US & the World: Are we still Number One? America Number 1 in the world?
Most Americans—including me—like to think of our country as the best in the world.
But are we still on top?
What are the facts?

In a brave new book, The Measure of a Nation, Howard Steven Friedman answers this question. Friedman is a leading statistician and health economist for the United Nations. He compares the U.S. with other wealthy, large nations in five areas: health, equality, safety, education, and democracy. Each day this week, we’ll discuss his key findings in each area, starting with health today.

And now the reader’s warning: We don’t fare very well in this comparison. And it’s hard to argue with Friedman’s facts. He uses highly reputable and transparent data to compare the US with Australia, Belgium, Canada, France, Germany, Greece, Italy, Japan, Portugal, Netherlands, South Korea, Spain, and the United Kingdom.
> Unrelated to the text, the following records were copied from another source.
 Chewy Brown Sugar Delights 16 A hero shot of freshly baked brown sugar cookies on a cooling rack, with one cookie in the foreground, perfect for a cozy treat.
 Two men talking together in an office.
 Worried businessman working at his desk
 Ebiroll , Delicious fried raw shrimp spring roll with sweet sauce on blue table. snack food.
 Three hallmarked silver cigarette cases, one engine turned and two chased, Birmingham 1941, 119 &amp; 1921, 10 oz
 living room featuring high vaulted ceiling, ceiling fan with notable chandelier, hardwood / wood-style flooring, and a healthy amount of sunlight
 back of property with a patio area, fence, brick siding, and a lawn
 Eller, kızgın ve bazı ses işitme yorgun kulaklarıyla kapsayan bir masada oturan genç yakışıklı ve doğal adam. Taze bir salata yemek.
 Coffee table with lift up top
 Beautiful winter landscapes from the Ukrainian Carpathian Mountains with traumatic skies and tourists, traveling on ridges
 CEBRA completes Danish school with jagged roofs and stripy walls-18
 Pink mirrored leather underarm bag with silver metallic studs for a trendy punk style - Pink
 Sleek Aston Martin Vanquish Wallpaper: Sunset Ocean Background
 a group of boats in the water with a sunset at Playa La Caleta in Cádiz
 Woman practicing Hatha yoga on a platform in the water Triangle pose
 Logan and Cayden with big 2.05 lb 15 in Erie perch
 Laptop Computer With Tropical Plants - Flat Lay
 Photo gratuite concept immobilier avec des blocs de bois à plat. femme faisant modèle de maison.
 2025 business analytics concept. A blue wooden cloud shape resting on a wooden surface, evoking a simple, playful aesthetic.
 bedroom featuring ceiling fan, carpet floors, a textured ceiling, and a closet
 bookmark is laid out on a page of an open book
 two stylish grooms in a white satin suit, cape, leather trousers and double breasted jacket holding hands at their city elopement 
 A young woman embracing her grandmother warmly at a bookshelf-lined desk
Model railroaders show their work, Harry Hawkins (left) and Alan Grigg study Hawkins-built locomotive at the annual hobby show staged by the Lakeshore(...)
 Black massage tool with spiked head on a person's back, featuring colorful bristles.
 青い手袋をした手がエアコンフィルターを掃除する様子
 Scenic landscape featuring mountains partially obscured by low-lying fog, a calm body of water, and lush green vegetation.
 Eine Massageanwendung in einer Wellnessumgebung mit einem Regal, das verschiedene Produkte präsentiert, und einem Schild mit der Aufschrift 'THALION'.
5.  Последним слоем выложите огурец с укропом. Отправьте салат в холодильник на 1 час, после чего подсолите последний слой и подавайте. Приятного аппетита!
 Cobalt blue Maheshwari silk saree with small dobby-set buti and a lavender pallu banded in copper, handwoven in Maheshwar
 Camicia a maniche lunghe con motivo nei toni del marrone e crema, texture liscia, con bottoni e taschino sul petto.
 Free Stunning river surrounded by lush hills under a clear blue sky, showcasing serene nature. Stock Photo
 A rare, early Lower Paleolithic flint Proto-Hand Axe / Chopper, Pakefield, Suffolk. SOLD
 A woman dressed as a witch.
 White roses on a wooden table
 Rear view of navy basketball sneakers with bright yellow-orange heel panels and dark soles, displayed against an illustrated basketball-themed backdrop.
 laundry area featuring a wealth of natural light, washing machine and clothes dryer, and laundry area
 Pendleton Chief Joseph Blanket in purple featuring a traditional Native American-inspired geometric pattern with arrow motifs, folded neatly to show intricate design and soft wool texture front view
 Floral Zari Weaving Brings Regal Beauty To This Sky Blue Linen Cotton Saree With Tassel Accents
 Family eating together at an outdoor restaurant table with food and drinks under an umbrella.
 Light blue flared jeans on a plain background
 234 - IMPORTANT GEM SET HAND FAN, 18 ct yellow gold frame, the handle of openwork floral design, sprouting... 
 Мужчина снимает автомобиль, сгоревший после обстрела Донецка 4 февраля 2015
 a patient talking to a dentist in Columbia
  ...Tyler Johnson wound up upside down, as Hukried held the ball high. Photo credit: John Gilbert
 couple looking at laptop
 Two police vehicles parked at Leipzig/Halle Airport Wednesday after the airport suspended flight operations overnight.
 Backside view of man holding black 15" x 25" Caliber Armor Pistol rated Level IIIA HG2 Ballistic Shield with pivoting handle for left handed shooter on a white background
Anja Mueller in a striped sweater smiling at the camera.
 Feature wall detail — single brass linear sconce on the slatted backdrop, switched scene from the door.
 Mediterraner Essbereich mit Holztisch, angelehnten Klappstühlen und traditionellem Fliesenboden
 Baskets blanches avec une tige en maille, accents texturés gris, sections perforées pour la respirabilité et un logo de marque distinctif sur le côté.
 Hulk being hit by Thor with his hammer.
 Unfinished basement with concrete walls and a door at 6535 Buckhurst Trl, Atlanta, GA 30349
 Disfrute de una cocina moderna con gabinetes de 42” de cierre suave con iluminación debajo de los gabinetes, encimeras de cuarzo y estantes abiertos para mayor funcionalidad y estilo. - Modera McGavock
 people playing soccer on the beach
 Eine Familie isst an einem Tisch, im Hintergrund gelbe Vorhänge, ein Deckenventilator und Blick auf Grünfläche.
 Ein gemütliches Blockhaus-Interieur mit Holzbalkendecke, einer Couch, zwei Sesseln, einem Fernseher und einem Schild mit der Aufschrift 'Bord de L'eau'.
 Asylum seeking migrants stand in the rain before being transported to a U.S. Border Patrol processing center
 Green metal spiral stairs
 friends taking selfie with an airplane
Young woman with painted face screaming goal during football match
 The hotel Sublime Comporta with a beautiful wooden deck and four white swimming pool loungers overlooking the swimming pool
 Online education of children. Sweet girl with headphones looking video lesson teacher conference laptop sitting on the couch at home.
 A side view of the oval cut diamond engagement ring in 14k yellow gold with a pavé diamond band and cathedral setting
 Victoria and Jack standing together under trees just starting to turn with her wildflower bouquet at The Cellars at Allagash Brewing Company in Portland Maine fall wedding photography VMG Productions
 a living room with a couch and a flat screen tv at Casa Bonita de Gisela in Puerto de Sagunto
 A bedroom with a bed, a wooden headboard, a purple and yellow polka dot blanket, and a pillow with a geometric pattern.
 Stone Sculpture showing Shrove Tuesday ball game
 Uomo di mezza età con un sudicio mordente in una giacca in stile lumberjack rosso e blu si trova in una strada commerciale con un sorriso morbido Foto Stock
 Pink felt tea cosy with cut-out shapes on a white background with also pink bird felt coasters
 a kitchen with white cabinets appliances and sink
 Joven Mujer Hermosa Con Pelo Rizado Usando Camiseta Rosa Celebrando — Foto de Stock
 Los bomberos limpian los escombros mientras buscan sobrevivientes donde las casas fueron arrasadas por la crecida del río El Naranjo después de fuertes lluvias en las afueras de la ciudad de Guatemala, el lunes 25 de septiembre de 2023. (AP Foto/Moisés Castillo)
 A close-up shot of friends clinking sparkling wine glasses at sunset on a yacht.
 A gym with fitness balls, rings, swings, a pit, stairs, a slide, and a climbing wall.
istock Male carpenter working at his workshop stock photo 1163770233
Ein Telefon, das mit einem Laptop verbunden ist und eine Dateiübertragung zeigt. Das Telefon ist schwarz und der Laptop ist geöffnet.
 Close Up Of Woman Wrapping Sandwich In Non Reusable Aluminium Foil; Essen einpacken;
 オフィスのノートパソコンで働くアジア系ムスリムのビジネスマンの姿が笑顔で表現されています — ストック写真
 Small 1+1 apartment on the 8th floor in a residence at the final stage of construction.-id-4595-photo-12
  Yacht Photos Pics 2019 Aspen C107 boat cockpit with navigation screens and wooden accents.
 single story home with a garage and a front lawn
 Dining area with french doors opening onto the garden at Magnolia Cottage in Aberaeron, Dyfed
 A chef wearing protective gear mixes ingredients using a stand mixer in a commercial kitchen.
The results of this comparison are grim.


Americans have the lowest life expectancy overall.
American women have the lowest life expectancy.
American men have the lowest life expectancy.
America has the highest rate of infant mortality.
America has the highest rate of maternal mortality (mother’s death in childbirth or soon after).
America has the lowest rate of return on health expenditures, meaning that we spend more than other nations and have the lowest life expectancy.

What do you make of these health statistics?

Are you surprised to read this report on health?

Do you think the healthcare reforms will improve our ranking?